Reputation: 18166
I'm trying to figure out if I'm using lxml's xpath
function correctly. Here's my current code, including all the workarounds that we've slowly amassed in a pretty sizable scraping library that deals with terrible, terrible input:
import certifi, requests
from lxml import html
s = requests.session()
r = s.get(
url,
verify=certifi.where(),
**request_dict
)
# Throw an error if a bad status code is returned.
r.raise_for_status()
# If the encoding is iso-8859-1, switch it to cp1252 (a superset)
if r.encoding == 'ISO-8859-1':
r.encoding = 'cp1252'
# Grab the content
text = r.text
html_tree = html.fromstring(text)
So if this all works properly, requests
uses r.encoding
to decide how to create a unicode object when r.text
is called. Great. We take that unicode object (text
) and we send that into ltml.html.fromstring()
, which recognizes that it's unicode, and gives us back an ElementTree
.
That all seems to be working properly, but what's troubling is that when I then do:
html_tree.xpath('//text()')[0]
Which should give me the first text node in the tree, I get back a string, not a unicode object, and I find myself having to instead write:
html_tree.xpath('//text()')[0].decode('utf8')
This sucks.
The whole idea of all the work I did at the beginning was to create the Mythical Unicode Sandwich, but no matter what I do, I get back binary strings. What am I missing here?
Here's a proof of concept for you:
import certifi, requests
from lxml import html
s = requests.session()
r = s.get('https://www.google.com', verify=certifi.where())
print type(r.text) # <type 'unicode'>, GREAT!
html_tree = html.fromstring(r.text)
first_node = html_tree.xpath('//text()', smart_strings=False)[0]

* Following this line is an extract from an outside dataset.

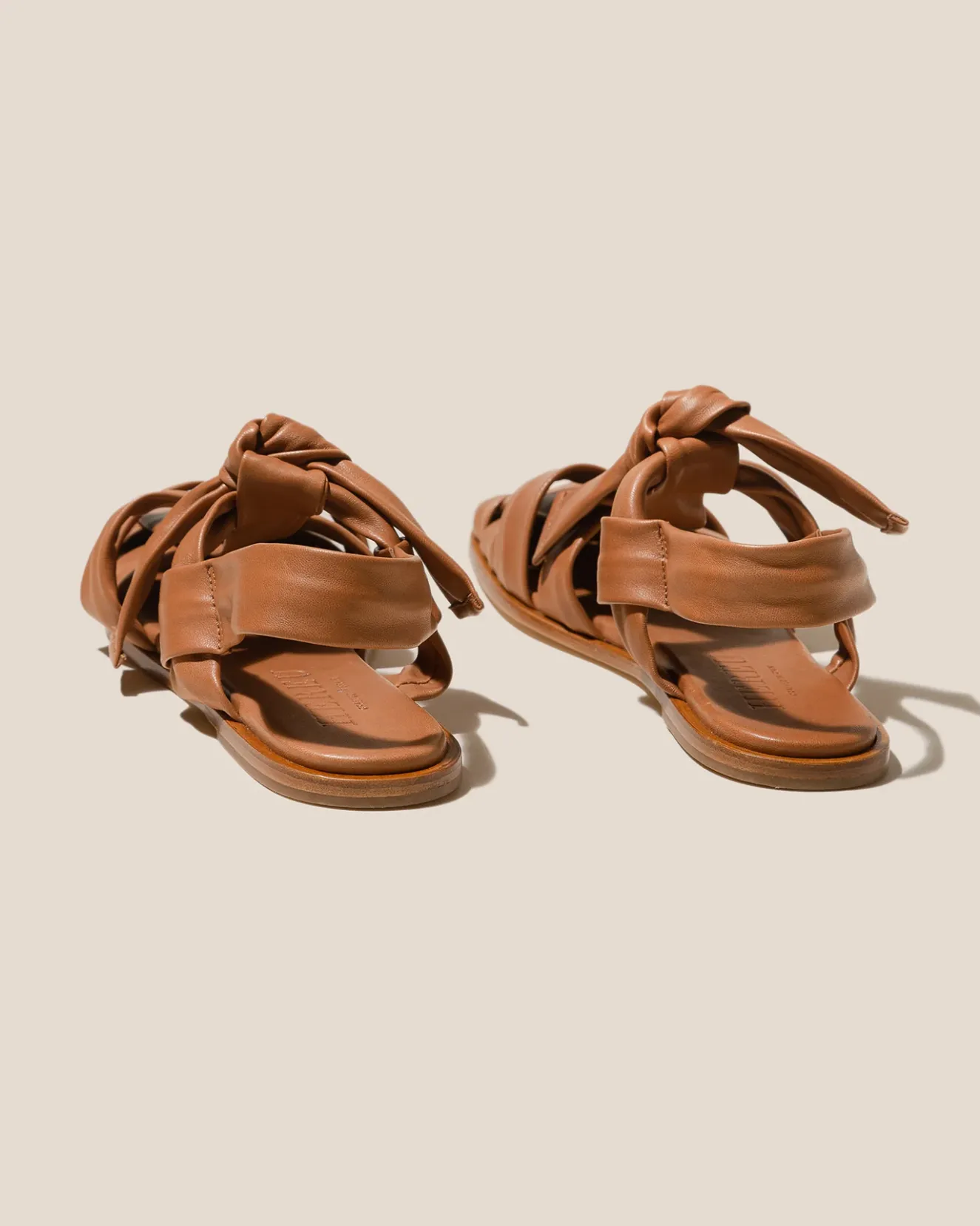 Bena>Hereu Studio Sale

print type(first_node) # <type 'str'>, TERRIBLE!
Upvotes: 3
Views: 2038
Reputation: 18166
Well, as so often happens, I found the answer shortly after posting a long, detailed question. The reason lxml
returns byte strings even when you carefully give it unicode is because of a performance optimization in lxml
. From the FAQ:
In Python 2, lxml's API returns byte strings for plain ASCII text values, be it for tag names or text in Element content.

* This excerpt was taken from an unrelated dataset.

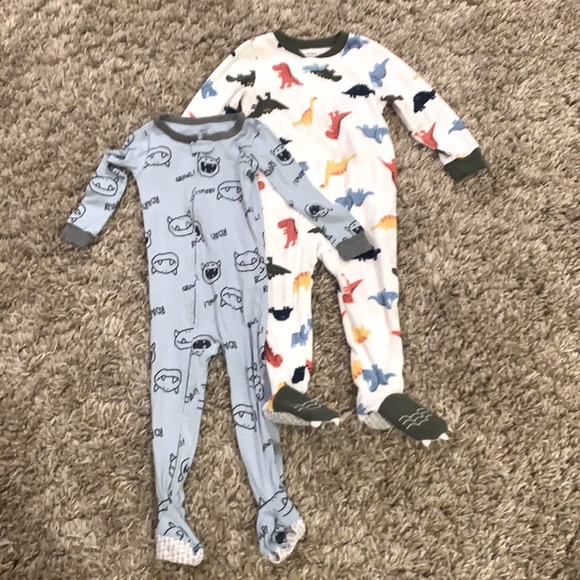Carter's Other - Bundle of 2 Carter’s footed pajamas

The reasoning is that ASCII encoded byte strings are compatible with Unicode strings in Python 2, but consume less memory (usually by a factor of 2 or 4) and are faster to create because they do not require decoding. Plain ASCII string values are very common in XML, so this optimisation is generally worth it.
However in Python 3:
lxml always returns Unicode strings for text and names, as does ElementTree. Since Python 3.3, Unicode strings containing only characters that can be encoded in ASCII or Latin-1 are generally as efficient as byte strings. In older versions of Python 3, the above mentioned drawbacks apply.
So there you have it. It's a performance optimization in lxml that adds to the confusion around byte and unicode strings.
At least it's fixed in Python 3! Time to upgrade.
Upvotes: 7